Guiné 61/74 - P24339: Tugas, pocos pero locos: algumas das nossas operações temerárias (2): Op Gavião (Madina / Belel, 4-6 de abril de 1968): 300 homens desbaratados pelas abelhas, armas extraviadas, um cadáver abandonado, um homem perdido, etc.


Cracá do Pel Caç Nat 52 (1966/1974), "Os Gaviões". Divisa: "Matar ou morrer"


Operação Gavião (Madina / Belel, 4-6 de Abril de 1968)  

1. Todos os anos, pela época seca, de preferência entre março e abril, o comando do batalhão sediado em Bambadinca, Sector L1, zona leste, região de Bafatá, mandava uma força de cerca de 300 homens à procura do acampamento IN do Enxalé, algures na península de Madina / Belel, mesmo já no limite do Sector, a sudeste da base de Sara.  Por aqui o IN e a população sob o seu controlo viviam com relativa tranquilidade, só sendo importunados por alguma incursão de tropas helitransportadas ou pelos bombardeamentos da FAP. A ida a Madina / Belel era quase sempre azarada: em geral as NT levavam prisioneiros que serviam de guias, e que procuravam ludibriar as NT, "perdendo-se" propositadamente ou tentando inclusive a fuga (como aconteceu, por exemplo, na Op Anda Cá, 22 e 23 de fevereiro de 1968) (*), 

Todos os anos aconteciam erros de planeamento, guias que se perdiam, itinerários mal escolhidos, PCV (antes da época do Strela...) que denunciavam a presença das NT, falhas no abastecimento de água, progressão para o objectivo a horas proibidas, confusão de (ou chegada tardia aos objetivos), flagelações do IN, tabancas abandonadas e queimadas, casos de exaustão, insolação e  desidratação, indisciplina de fogo, ataques de abelhas, debandada geral, perda de armas e muniçóes, e até de homens, regresso dramático ao Enxalé com viaturas a sair até São Belchior para transportar os mais "desgraçados", tentatativa de recuperação, no dia seguinte, do material perdidos… e, claro, relatórios por vezes fantasiosos, pouco rigorosos, etc....

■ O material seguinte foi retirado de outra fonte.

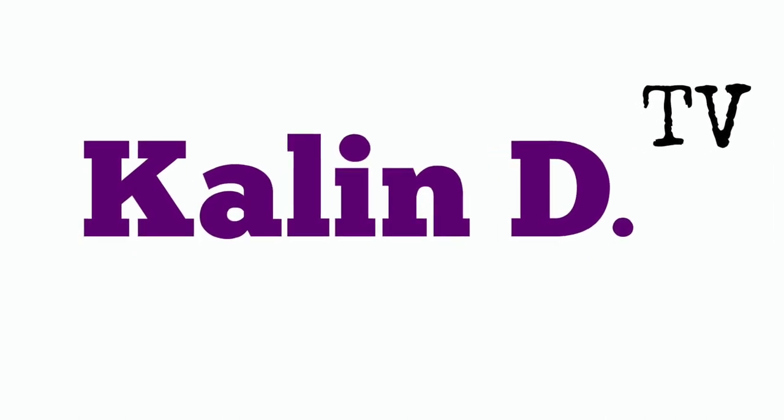Welcome to Kaylin D. TV. Hey, what's up y'all and welcome back to Kaylin D. TV. If you are stopping by my channel for the very first time, welcome. Hopefully you like what you see and you'll click that subscribe button. Today I'm going to be doing a talk-through get-ready-with-me video using all the Fenty Beauty products.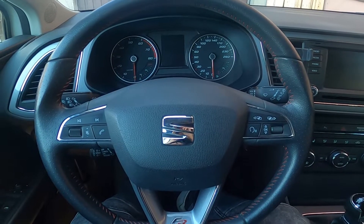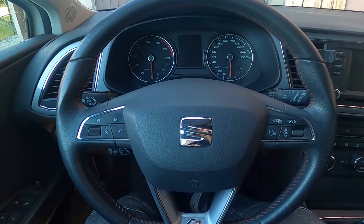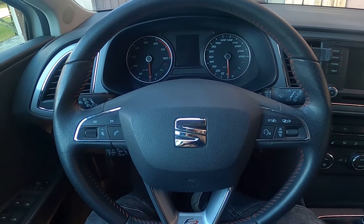Hello, today I'm in a SEAT León. In this video I'll show you where the OBD2 socket is in your car.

Em 1968 (Op Gavião), aconteceram também estas coisas, próprias de uma guerra de contraguerrilha, num terreno inóspito para muitas das tropas portuguesas... É também caso para dizer, "tugas pocos pero locos" (**).

2.  Op Gavião: Desenrolar da acção

Iniciada no dia 4 de abril de 1968, às 18h00, com a duração de 3 dias, tinha como finalidade excutar uma acção ofensiva na mata de Belel, começando por um golpe de mão ao acampamento IN  do Enxalé. 

Forças ( c. 300 homens) que tomaram parte na operação:

(i) Cmdt: 2º cmdt BART 1904;

(ii)  Destacamento A: CART 2338 a 4 Gr Com + Pel Caç Nat 52;

(iii) Destacamento B: CART 2339, a 4 Gr Comb + Pel Caç Nat 53


Destacamento A

O Pel Caç Nat 52 deslocou-se de Missirá para a região de Aldeia do Cuorno dia 4 de abril de 1968, às 15h00, onde se instalou protegendo a cambança das restantes forças do Destacamento (CART 2338), cambança essa que foi efectuadas às 18h45 do mesmo dia.

Uma vez completo o Destacamemnto, as NT iniciaram a marcha para Missirá, tendo pernoitado um pouco antes de o atingir, pelas 22h00. 

Reiniciaram o movimento no dia 5, às 5h30, utilizando um guia natural de Missirá, ao qual foi acordado e indicado qual o serviço a desempenhar só pouco antes do início do movimento, por razões de sigilo e segurança.

Ao fim  da tarde do dia 5 atingiu um ponto cerca de 1 km atrás do local previsto onde pernoitou.

Reiniciado o movimento no dia 6, pelas 5h30, foi detectado um sentinela por volta das 7h30. Começou então a instação de 3 Gr Comb para proteger o ataque dos outros dois grupos. 

Entretanto a sentinela detectou as NT e fugiu. Passados poucos minutos o IN emboscou as NT com LGFog e armas automáticas
Zacarias Saiegh, mais tarde,
na 1ª CCmds Africanos,
como  tenente graduado
'comando'

Com o Pel Caç Nat 52 à frente, impulsionado pelo seu comandante, o fur mil Zacarias Saiegh, que demonstrou um sangue frio, decisão e temeridade  dignos de serem apontados, reagiu à emboscada,  perseguindo o IN durante cerca de 1,5 km. 

Deparou nessa altura com a tabanca de Belel que imediatamente atacou e destruiu totalmente, tabanca essa que tinha sido abandonada recentememnte, e que tinha 25 palhotas. Foram destruídos ainda um tanque de água e uma horta grande.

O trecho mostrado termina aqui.